The program, which was announced last year, is part of the Department of Defense's plan to deter China.
"Replicator is meant to help us overcome [China's] biggest advantage, which is mass. More ships. More missiles. More people," said Deputy Secretary of Defense Kathleen Hicks in a speech announcing the project last year. That mission will be achieved specifically by "mastering the technology of tomorrow," Hicks said.
There will soon be a "Replicator 2.0" that will focus on counter-drone technologies—per a memo from the defense secretary released in September—according to Public Citizen's report.
In a letter sent in March, Public Citizen and 13 other civil society groups highlighted remarks Hicks made in 2023 as an example of the ambiguity the Pentagon has created around the issue.
"Autonomous weapons are inherently dehumanizing and unethical, no matter whether a human is 'ultimately' responsible for the use of force or not. Deploying lethal artificial intelligence weapons in battlefield conditions necessarily means inserting them into novel conditions for which they have not been programmed, an invitation for disastrous outcomes," the organizations wrote to Hicks and Secretary of Defense Lloyd Austin.
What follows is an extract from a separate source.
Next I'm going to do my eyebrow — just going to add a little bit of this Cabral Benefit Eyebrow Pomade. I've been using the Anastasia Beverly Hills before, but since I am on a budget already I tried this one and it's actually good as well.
Wooten's report reiterates that same call: "The Pentagon owes Americans clarity about its own role in advancing the autonomous weapons arms race via Replicator, as well as a detailed plan for ensuring it does not open a Pandora’s Box of new, lethal weapons on the world by refusing to hold its own operations accountable."
Additionally, "'Artificial intelligence' should not be used as a catchall justification to summon billions more in Pentagon spending, especially when the existing annual budget for the U.S. military already dwarfs every other U.S. agency and is careening towards the $1 trillion mark," Wooten wrote.
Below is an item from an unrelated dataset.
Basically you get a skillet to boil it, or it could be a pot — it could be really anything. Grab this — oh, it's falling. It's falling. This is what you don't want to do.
The fear that these types of weapons would open a Pandora's Box—and set off a "reckless, dangerous arms race," as Public Citizen warned of Friday—is not new. Back in 2017, dozens of artificial intelligence and robotics experts published a letter urging the United Nations to ban the development and use of so-called killer robots. As drone warfare has grown, those calls have continued.
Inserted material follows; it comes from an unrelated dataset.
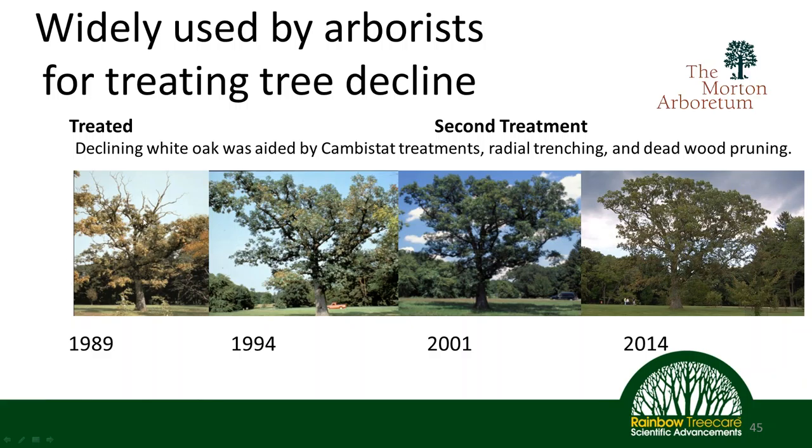This is the poster child of combining radial trenching, root enhancement, and Canvastat application. Here we have a tree at the Morton Arboretum that in 1989 most of us would consider for removal. What they decided to do was save this tree as an example: deadwood was pruned out, radial trenching was performed, and an application of paclobutrazol — Canvastat — was applied. Five years after treatment in 1994, this is what the tree looks like. Canvastat was applied at intervals throughout the tree's lifetime, and here we have 2001 and finally 2014. A tree that we would have probably cut down in 1989 is now a beautiful tree growing very nicely and sustainably.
The report also highlights the public statements of the head of one defense contractor that has been selected to produce for the Replicator initiative as a hint that the program is aimed at creating weapons that are capable of autonomous lethal force.
In early October, CEO of Anduril Palmer Luckey said that, "societies have always needed a warrior class that is enthused and excited about enacting violence on others in pursuit of good aims."
"You need people like me who are sick in that way and who don't lose any sleep making tools of violence in order to preserve freedom," he said.